Northern Ave. Clarkston- Estate Sale
I headed to this sale after work on Friday Afternoon. I had never ventured into Clarkston for a sale before, even though it is not far from my place of work. Clarkston has become an interesting community with the largest percentage foriegn born population of any municipality in the state. The émigrés range from Bosnians to Laotians to Somalis. But this sale represented the old Clarkston, a bedroom community for Atlanta in the 60’s. Northern Ave., is just outside 285(but the near part of 285) is an attractive street of early 50’s bungalows nestled on rolling tree covered hills. Walking down the driveway I first encounter a large metal bell on an old table with a tag reading describing it as a farm bell. Outside the front door were several agrarian looking implements as well as a large metal tank that could have been used for the moonshine trade. Inside the home I was met by an atmosphere of mustiness. The sellers tell me that the house had been closed up for a very long time. The old carpeting underfoot adds to the thick smell of the unpleasant miasma. Aside from the bad air the home contained a number of very wonderful artifacts of the prior residents life. In a closet I found a pair of down foot warmers as well as an electric foot bath labeled a Foot Fixer. There were a number of caps lying or hanging around the premises. One was from the USS John F Kennedy, another from the Knoxville Worlds Fair and one was a sample Masonic cap that had a Masonic symbol and the words “your city and state here” on it. In another closet were several old Naval Officer uniforms slathered with mildew. Books included a number of religious titles such as “The Bible Almanac” but I also found an early printing of “Human Sexual Response”. The décor was very simple and pleasant. The bed was covered with a brightly colored chenille bedspread and the walls had some remarkable artwork. In frames on one wall were a number of childlike bird prints on another wall a 3 by 3 inch painting of a clown. Some old colored pencil hand drawings of sailing ships (perhaps done by the naval officer on a long voyage), and a photo of Shriners in an open caddy convertible were in the hallway and bedroom. Most notable of all were two small decopauged prints, one of Jimmy Carter the other of a very faded LBJ.
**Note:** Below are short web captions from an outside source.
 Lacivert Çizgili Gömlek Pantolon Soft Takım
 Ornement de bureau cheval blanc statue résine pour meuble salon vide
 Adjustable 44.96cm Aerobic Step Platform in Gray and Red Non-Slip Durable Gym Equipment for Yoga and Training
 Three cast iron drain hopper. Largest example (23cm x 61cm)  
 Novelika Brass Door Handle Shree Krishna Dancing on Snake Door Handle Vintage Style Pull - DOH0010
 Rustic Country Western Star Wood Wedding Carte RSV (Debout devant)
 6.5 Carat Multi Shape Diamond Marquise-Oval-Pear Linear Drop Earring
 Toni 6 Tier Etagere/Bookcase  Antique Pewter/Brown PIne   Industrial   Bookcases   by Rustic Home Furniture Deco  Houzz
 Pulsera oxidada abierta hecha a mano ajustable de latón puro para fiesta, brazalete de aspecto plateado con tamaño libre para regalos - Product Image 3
In the living room was a box of old Newsweeks and Playboys from the 1960’s. In a box of jewelry and other small items there was a pin with the words “Worlds Best Kisser” on it. On a bed was a stack of old aprons and in the back room behind the kitchen hanging on the door was a “Let me tell you about my grandchildren” license plate. I spent a good deal of my time here going though a pile of old postcards. Of which I selected and purchased about 20.